Commissioner of Wealth-Tax, Calcutta,
Now West Bengal II Vs. Tungabhadra Industries Ltd., Calcutta [1969] INSC 172 (8
August 1969)
08/08/1969 RAMASWAMI, V.
RAMASWAMI, V.
SHAH, J.C. (CJ) GROVER, A.N.
CITATION: 1970 AIR 352 1970 SCR (1) 789 1969
SCC (2) 528
CITATOR INFO:
F 1977 SC 142 (7,11)
ACT:
Wealth Tax Act, 1957. ss. 7(2)(a) and
27(6)--Valuation of assets of running business--Value as given in balance-
sheet and written down value of assets--Which to be adopted for
assessment--Assessee must produce material to show that value other than that
shown in balance-sheet should be adopted--Duty of Tribunal on receiving
judgment of High Court or Supreme Court.
HEADNOTE:
The respondent company was assessed to
wealth-tax for the assessment years 1957-58, 1958-59 and 1959-60. In computing
the net wealth of the respondent on the respective valuation dates the Wealth
Tax Officer proceeded under s.
7(2)(a) of the Act and included the full
value of the fixed assets as shown by the respondent in the respective balance-sheets
without any adjustment, after rejecting` its contention that the fixed assets
should be assessed at their written down value as computed for the purposes of
income- tax. The Appellate Assistant Commissioner confirmed the valuation but
the Income-tax Appellate Tribunal held that it would be fair in the
circumstances of the case to adopt the written down value of the asset's as
value thereof for all the years under appeal. On reference being made to it
under s. 27(1) of the Wealth Tax Act the High Court held in 'favour of the
respondent. The Revenue appealed,
HELD: The rule of valuation on the basis of
market value under s. 7(1) of the Act may not yield a true estimate of the net
value of the total assets in the case of a running business. The legislature
has therefore provided in sub-s. (2)(a) that when the assessee is carrying on a
business for which accounts are maintained by him 'regularly, the Wealth-Tax
Officer may determine the net value of the business as a whole, having regard
to the balance-sheet of such business as on the valuation date and make such
adjustments therein as the circumstances of the case may require. The power
conferred upon the tax officer to make adjustments as the circumstances of the
case may require is also for the purpose of arriving at the true value of the
assets of the business. It is of course open to the assessee in any particular
case to establish after producing relevant materials that the value given of
the fixed assets in the balance-sheet is artificially inflated. It is also open
to the assessee to establish by acceptable reasons that the written down value
of any particular asset represents the proper value of the asset on the
relevant valuation date. In the absence of any material produced by the assessee
to demonstrate that the written down value is the real value the Wealth-tax
Officer would be justified in a normal case in taking the value given by the
assessee itself to its fixed assets in the balance-sheet for the relevant year
as the real value of the assets for the purposes of the Wealth-tax. It is a
question of fact in each case as to whether the depreciation has to be taken
into account in ascertaining the true value of the assets.

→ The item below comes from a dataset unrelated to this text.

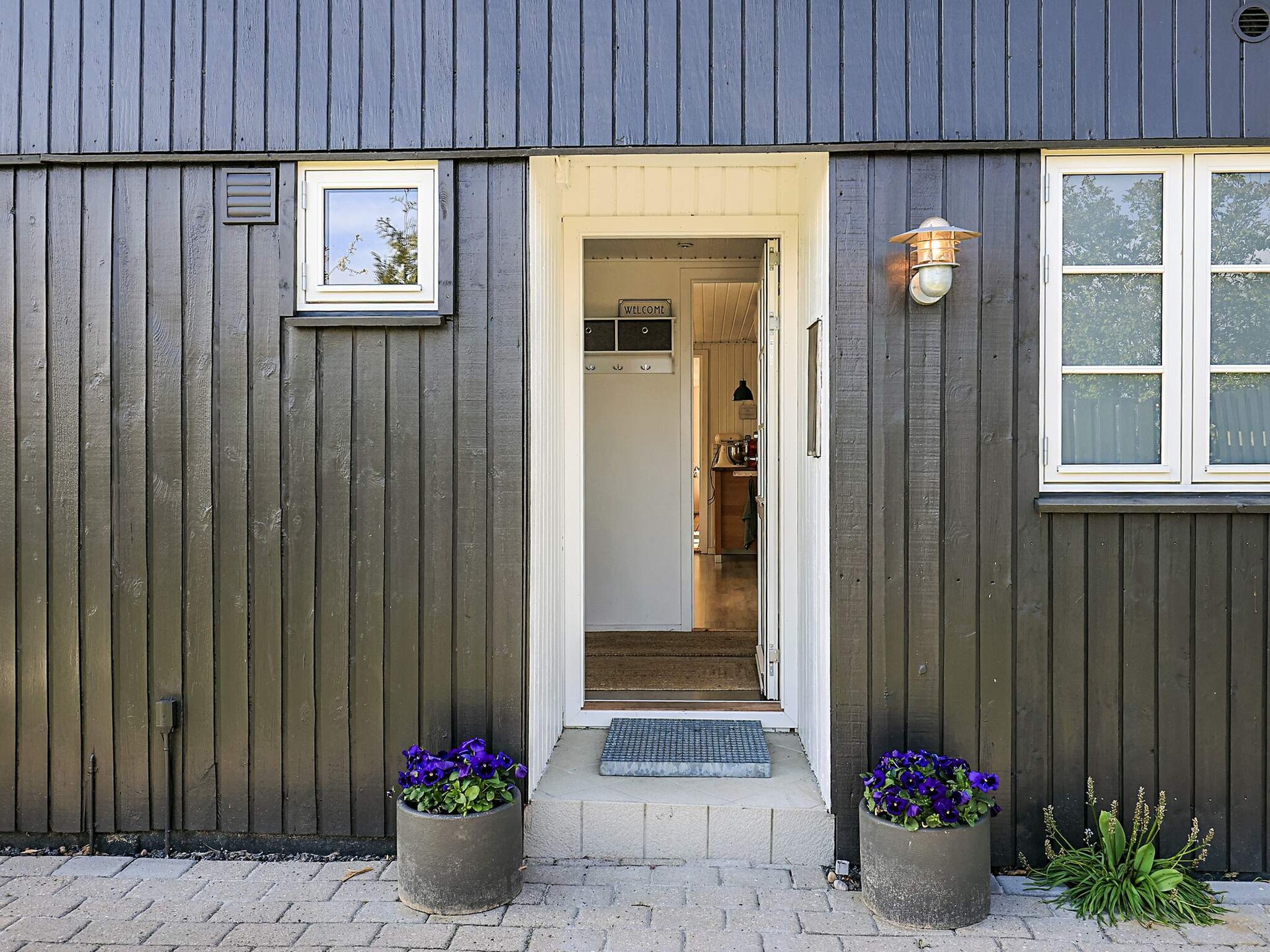 Vrijstaand vakantiehuis op 150m van strand Ore Strand, Denemarken - foto 36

The onus of proof is on the assessee who must
produce reliable material to show that the written down value of the assets and
not the balance-sheet value is the true value.
[793 E-794 C] 790 If, therefore, the assessee
merely claims that the written down of the assets should be adopted but fails
to produce any material to show that written down value is the true value, the
Wealth-tax Officer is justified in rejecting the claims and adopting the values
shown by the assessee himself in his balance-sheet as the true value of his
assets. [794 C-D] Kesoram Industries & Cotton Mills Ltd. v. Commissioner of
Wealth tax (Central) Calcutta, (1966) 59 I.T.R. 767, applied.
(ii) Section 27(6) of the Act requires the
Tribunal on receiving a copy of the judgment of the Supreme Court or the High
Court as the ease may be to pass such orders as are necessary to dispose of the
case conformably to such judgment. [794 E] If the Supreme Court agrees with the
view of the Tribunal the appeal may be disposed of by a formal order.
But if the Supreme Court disagrees with the
Tribunal on a question of law, the Tribunal must modify its order in the light
of the order of the Supreme Court. If the Supreme Court has held that the
judgment of the Tribunal is vitiated because it is based on no evidence or
because the judgment proceeds upon a misconstruction of the statute, the
Tribunal would be under a duty to dispose of the case conformably with the
opinion of the Supreme Court and on the merits of the dispute and re-hear the
appeal. In all cases, however, opportunity must be afforded to the parties of
being heard.
[794 F-H] Income-tax Appellate Tribunal,
Bombay, v. S.C. Cambatta
v. Commissioner of Income-tax, (1967) 66
I.T.R. 478 (S.C.), applied.
& CIVIL APPELLATE JURISDICTION: Civil
Appeal Nos. 1629 to 1631 of 1968.
Appeals from the judgment and order dated
January 29, 1965 of the Calcutta High Court in Wealth Tax Matter No. 372 of
1961.
B. Sen, T.A. Ramachandran, R.N. Sachthey and
B.D.
Sharma, for the appellant (in 'all the
appeals).
M.C. Chagla, R.K. Choudhury and B.P.
Maheshwari, for the respondent (in all the appeals).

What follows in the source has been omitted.